As we would expect, the noble Lord, Lord Dearing, posed some incisive questions to us on behaviour, the fear of school trips and Tomlinson. I shall speak briefly on each. On school trips, we do not believe that legislation is the way forward, but we are looking to make an announcement on that and the ways to remove the fear from teachers and schools. I shall write to him with details either before or after the announcement, depending on how soon that comes.

On behaviour, we all know that the noble Lord, Lord Dearing, is right in saying that an environment in which there is bad behaviour damages others. As he has the grace to respect, it fundamentally damages the people who are causing the bad behaviour because they will not learn and are isolating themselves in society, being under-educated to cope with life's challenges.

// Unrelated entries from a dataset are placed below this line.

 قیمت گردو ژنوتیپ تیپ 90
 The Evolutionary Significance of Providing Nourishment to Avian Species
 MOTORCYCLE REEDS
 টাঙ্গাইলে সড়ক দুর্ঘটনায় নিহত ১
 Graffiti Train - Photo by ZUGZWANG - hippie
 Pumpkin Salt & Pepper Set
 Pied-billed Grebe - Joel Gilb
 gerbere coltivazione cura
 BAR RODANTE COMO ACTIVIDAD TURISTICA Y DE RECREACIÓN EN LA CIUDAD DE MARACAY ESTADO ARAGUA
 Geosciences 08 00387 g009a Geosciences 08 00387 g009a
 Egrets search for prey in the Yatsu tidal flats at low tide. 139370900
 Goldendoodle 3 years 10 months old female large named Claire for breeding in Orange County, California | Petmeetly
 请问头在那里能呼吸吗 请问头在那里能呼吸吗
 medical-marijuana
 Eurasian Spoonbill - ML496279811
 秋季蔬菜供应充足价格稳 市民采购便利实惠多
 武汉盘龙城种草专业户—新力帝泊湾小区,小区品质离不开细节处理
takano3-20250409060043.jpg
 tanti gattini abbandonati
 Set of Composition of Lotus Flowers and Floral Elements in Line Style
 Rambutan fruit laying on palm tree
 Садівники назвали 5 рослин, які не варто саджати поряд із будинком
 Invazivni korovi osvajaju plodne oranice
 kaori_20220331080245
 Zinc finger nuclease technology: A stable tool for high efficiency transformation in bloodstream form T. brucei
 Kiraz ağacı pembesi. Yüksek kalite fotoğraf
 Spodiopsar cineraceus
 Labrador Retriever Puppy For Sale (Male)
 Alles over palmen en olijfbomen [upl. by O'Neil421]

In his speech to a new heads conference on 18 November, my right honourable friend the Secretary of State announced a variety of major initiatives to tackle the problem of indiscipline in schools. I shall set those out for the noble Lord, Lord Dearing, in a note. None of us thinks that this will be a simple or quick issue, but the noble Lord is right to raise its importance. We must bring about a shift in society's values, school skills and parental attitudes towards misbehaviour in schools, because without it we shall not achieve the lift that we need.

The noble Lord spoke wise words on the subject of the Tomlinson proposals, but there are some issues on which excessive partisanship damages the country and society. He is right to say that we must seek consensus on Tomlinson and the White Paper that we shall be publishing on the 14 to 19 agenda because we want stability in that process in the future. I totally agree with the noble Lord in that respect.

The post-maiden speech—to use her phrase—of my noble friend Lady Wall added great value to the debate. She reminded us of the important point that learning does not stop after school or education but that it must be lifelong. That is increasingly true in a society as rapidly changing as ours. We know that in 10 or 15 years' time, the skills that we picked up at school and university will be obsolete. We must all continue to learn as part of being effective in our workplaces. Therefore, the role of skills training in the workplace and lifelong learning, and the contribution that unions and employers make in that regard, are fundamentally important. Those are issues that we shall pick up as part of our response to Tomlinson and as part of the adult skills strategy that we are currently implementing.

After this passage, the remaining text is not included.